Housing starts rose 0.9 percent to a 891,000 annual rate, following the prior month’s 883,000 pace that was weaker than previously estimated, a Commerce Department report showed today in Washington. The median estimate of 83 economists surveyed by Bloomberg called for 917,000. Permits, a proxy for future projects, dropped more than forecast.
Builders such as Hovnanian Enterprises Inc. say any industry slowdown caused by the highest mortgage rates in more than two years will prove short-lived. The yield on Treasury notes plunged today after the Fed unexpectedly refrained from reducing the $85 billion pace of monthly bond buying, saying it needs to see more signs of lasting improvement in the economy.
Housing starts “seem to have lost momentum, but we see it as a temporary slowdown,” David Sloan, senior economist at 4Cast Inc. in New York, and the second-best forecaster of housing starts in the past two years, according to data compiled by Bloomberg. “Higher rates are a restraint on the housing recovery, but won’t derail it.”
Stocks jumped after the Fed’s announcement, sending the Standard & Poor’s 500 Index to a record high. The S&P 500 climbed 1.2 percent to 1,725.52 at the close in New York. The yield on the benchmark 10-year note dropped to 2.70 percent from 2.85 percent late yesterday.

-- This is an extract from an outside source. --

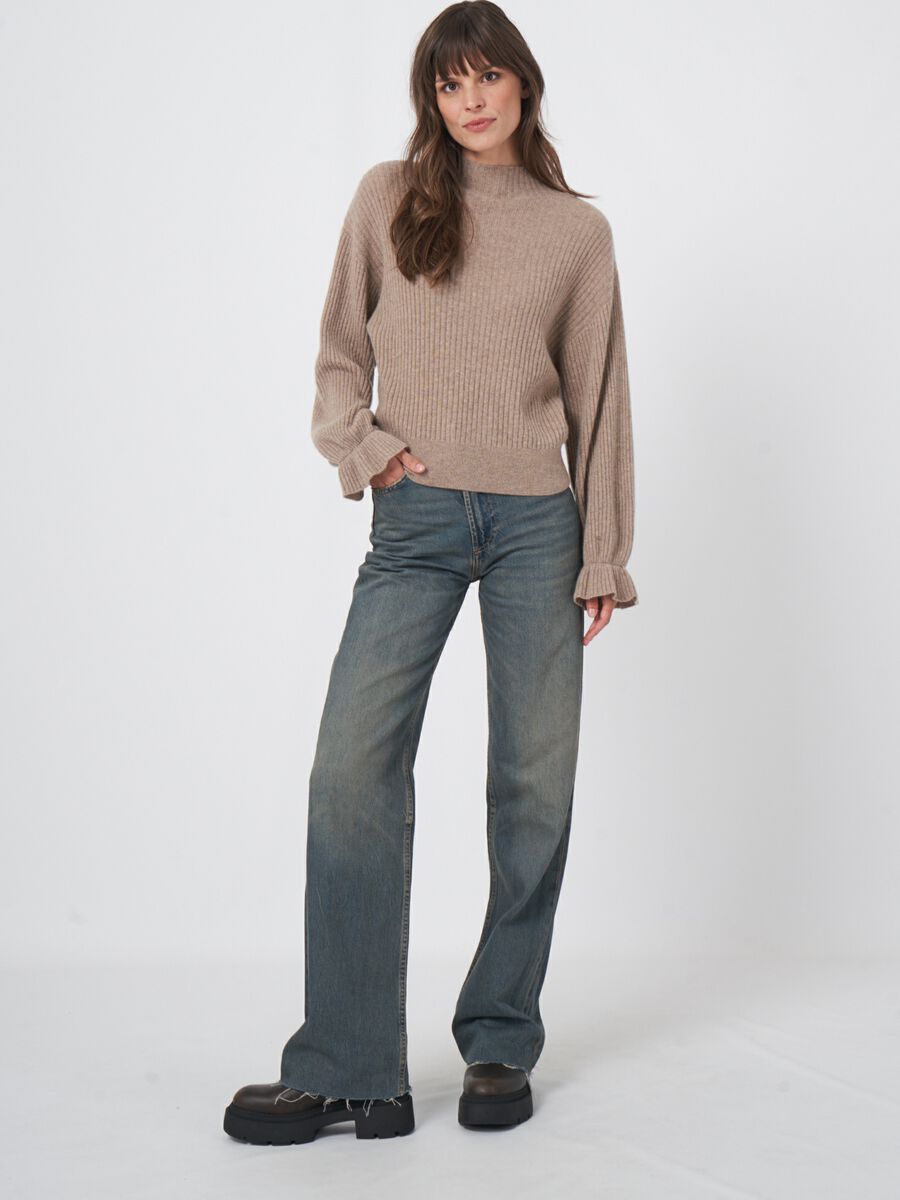 Ribgebreide cashmere trui ruche aan de mouw image number 3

Economists’ estimates for starts in the Bloomberg survey ranged from 880,000 to 980,000. The prior month was revised down from a previously reported 896,000 pace. Activity in June was also weaker than last estimated.
Building permits dropped 3.8 percent to a 918,000 pace, showing a lack of drive heading into this month. Applications were projected to ease to a 950,000 pace from 954,000, according to the survey median.

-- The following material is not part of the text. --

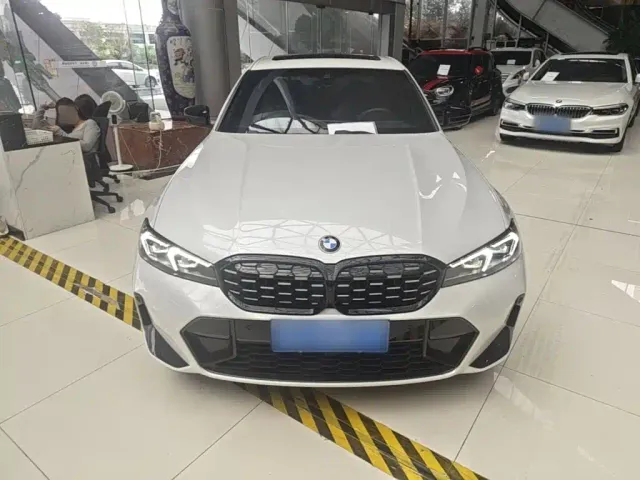 BMW 3 Series — Фото автомобиля 2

The plunge in Treasury yields today will probably mean borrowing costs will drop. The rate on 30-year home loans averaged 4.57 percent in the week ended Sept. 12, close to the highest level since July 2011, according to data from McLean, Virginia-based Freddie Mac. The rate, which had been as low as 3.81 percent at the end of May, has been rising since Fed Chairman Ben S. Bernanke that month indicated the central bank may slow its purchases of government and mortgage bonds.

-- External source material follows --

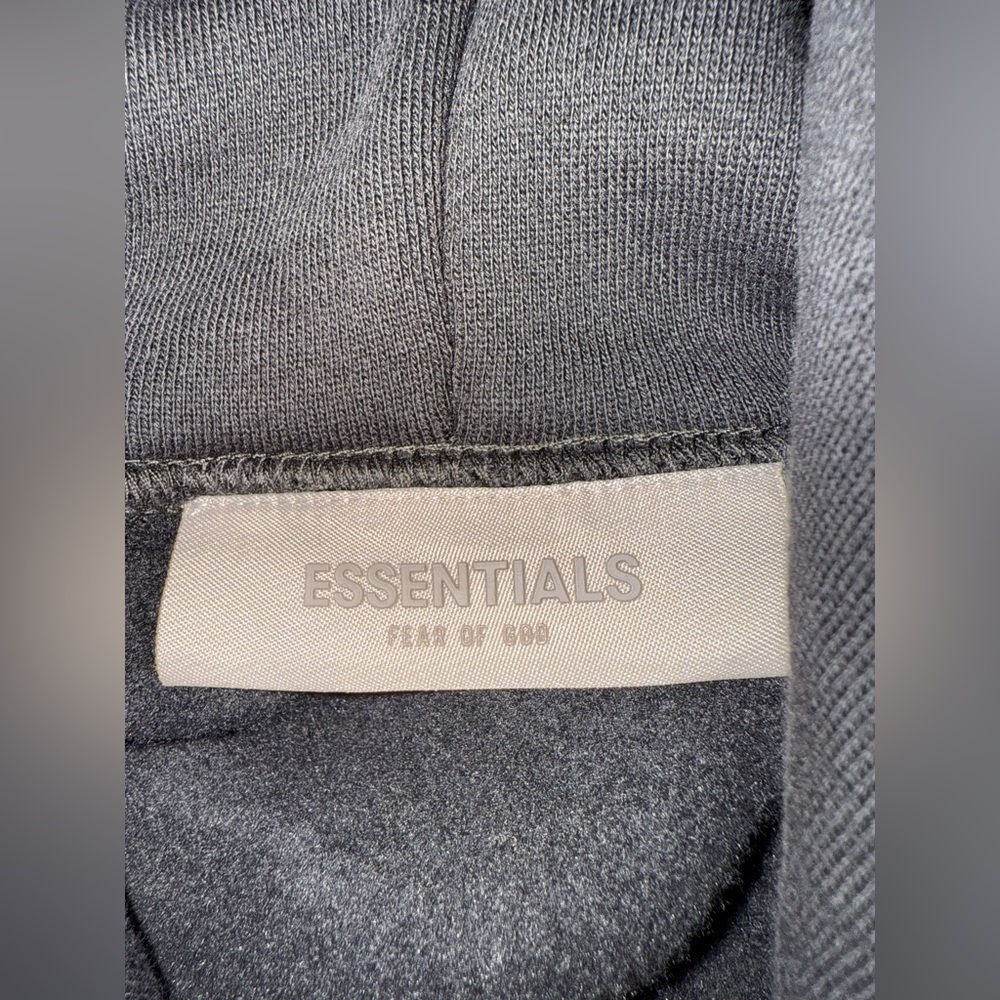 NWT $280 Fear of God Essentials 1977 Hoodie Iron Black Size XL - Picture 3 of 4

“The tightening of financial conditions observed in recent months, if sustained, could slow the pace of improvement in the economy and labor market,” Fed policy makers said today in announcing their intention to maintain stimulus.
Builder confidence remains high even as borrowing costs jump. Sentiment held in September at the highest level in almost eight years, figures from the National Association of Home Builders/Wells Fargo showed yesterday.
The advance in mortgage costs is unlikely to halt the nation’s housing recovery, Red Bank, New Jersey-based Hovnanian said. The company reported a profit for its fiscal third quarter as net contracts climbed 1.8 percent and the contract backlog, an indication of future sales, jumped 18 percent to 2,893 homes.
The company is confident any hesitancy from its customers caused by the jump in borrowing costs “will be a temporary bump in the road to housing recovery,” Chief Executive Officer Ara Hovnanian said on a Sept. 9 conference call with analysts.
Other companies aren’t as upbeat about the outlook. Fewer chief executive officers in the U.S. project a pickup in sales and capital spending in the next six months as the budget debate in Washington puts hiring plans on hold, a survey today showed. The Business Roundtable’s economic outlook index dropped to 79.1 in the third quarter from a one-year high of 84.3 in the previous three months, the Washington-based trade group said.
Thirty-two percent of corporate leaders plan to boost payrolls, unchanged from the second quarter, the survey also showed. Half of the CEOs surveyed said the disagreement over the 2014 U.S. government budget and the debt ceiling was having a negative impact on hiring plans.
Faster hiring and more widespread access to credit are probably needed to help foster bigger gains in housing demand.
The weakness in construction and permits last month was concentrated in the more volatile multifamily area. Work on townhouses and apartment buildings dropped 11.1 percent to an annual rate of 263,000. The number of applications for future work declined 15.7 percent.
Construction of single-family houses climbed 7 percent in August to a 628,000 rate, the most since February, from 587,000 the prior month. Permits for future projects climbed 3 percent to a 627,000 rate. The almost identical readings in the number of permits and of single-family starts last month leaves little scope for a pickup in construction this month.
Three of four regions showed a decline in housing starts last month, led by a 10.9 percent slump in the West, today’s report showed. New projects climbed 12 percent in the South, the largest market.
Bloomfield Hills, Michigan-based PulteGroup Inc. expects the run-up in borrowing costs will vary across consumer segments, James Zeumer, head of investor relations, said on a Sept. 10 teleconference. For first-time buyers, a half-percentage-point rise in interest rates means “there will be some of them that will be out of the game,” he said, while the move-up buyers “have a little bit more flexibility.”